* **WORK REQUEST**
Give back exactly the stretch of data below from the line holding "This is the" through the line holding "In this video, we'll", both ends included, and leave the remaining lines out.

* **INPUT DATA**
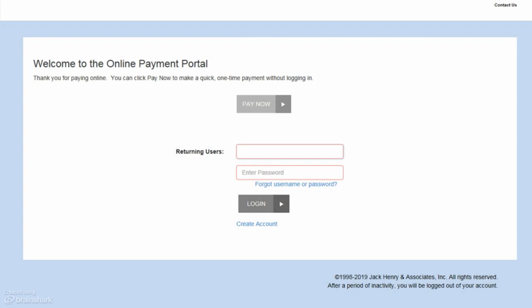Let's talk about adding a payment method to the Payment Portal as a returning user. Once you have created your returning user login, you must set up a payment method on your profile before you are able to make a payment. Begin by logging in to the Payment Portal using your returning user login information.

...

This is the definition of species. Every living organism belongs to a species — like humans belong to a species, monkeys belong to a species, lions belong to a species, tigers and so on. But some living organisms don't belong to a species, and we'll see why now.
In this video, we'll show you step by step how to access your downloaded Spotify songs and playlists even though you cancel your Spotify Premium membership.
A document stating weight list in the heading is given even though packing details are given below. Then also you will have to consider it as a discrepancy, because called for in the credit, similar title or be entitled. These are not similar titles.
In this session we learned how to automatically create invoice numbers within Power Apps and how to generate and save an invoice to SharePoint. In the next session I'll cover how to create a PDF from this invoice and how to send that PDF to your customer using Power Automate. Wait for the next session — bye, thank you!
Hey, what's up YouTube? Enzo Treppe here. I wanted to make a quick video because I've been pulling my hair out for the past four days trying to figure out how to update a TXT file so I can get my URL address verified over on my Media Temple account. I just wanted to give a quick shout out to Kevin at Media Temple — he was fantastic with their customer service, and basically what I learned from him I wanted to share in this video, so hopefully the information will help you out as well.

--

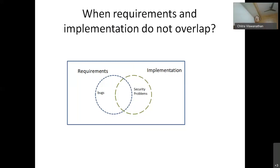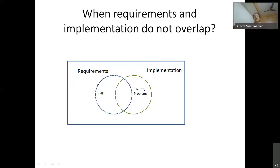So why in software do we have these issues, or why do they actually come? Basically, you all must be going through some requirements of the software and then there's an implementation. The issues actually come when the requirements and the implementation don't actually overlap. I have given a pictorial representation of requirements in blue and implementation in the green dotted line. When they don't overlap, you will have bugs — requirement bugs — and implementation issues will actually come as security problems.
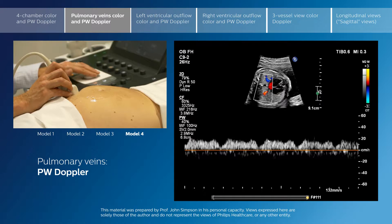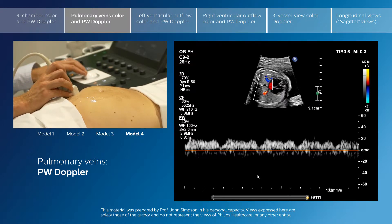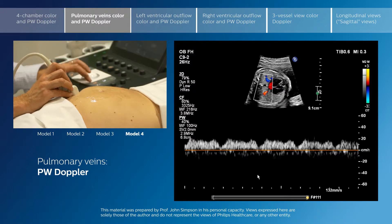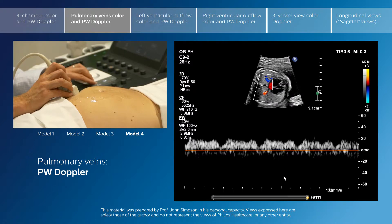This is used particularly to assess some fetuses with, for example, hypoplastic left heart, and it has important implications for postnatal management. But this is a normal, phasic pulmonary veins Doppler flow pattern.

* **ANSWER BELOW**
This is the definition of species. Every living organism belongs to a species — like humans belong to a species, monkeys belong to a species, lions belong to a species, tigers and so on. But some living organisms don't belong to a species, and we'll see why now.
In this video, we'll show you step by step how to access your downloaded Spotify songs and playlists even though you cancel your Spotify Premium membership.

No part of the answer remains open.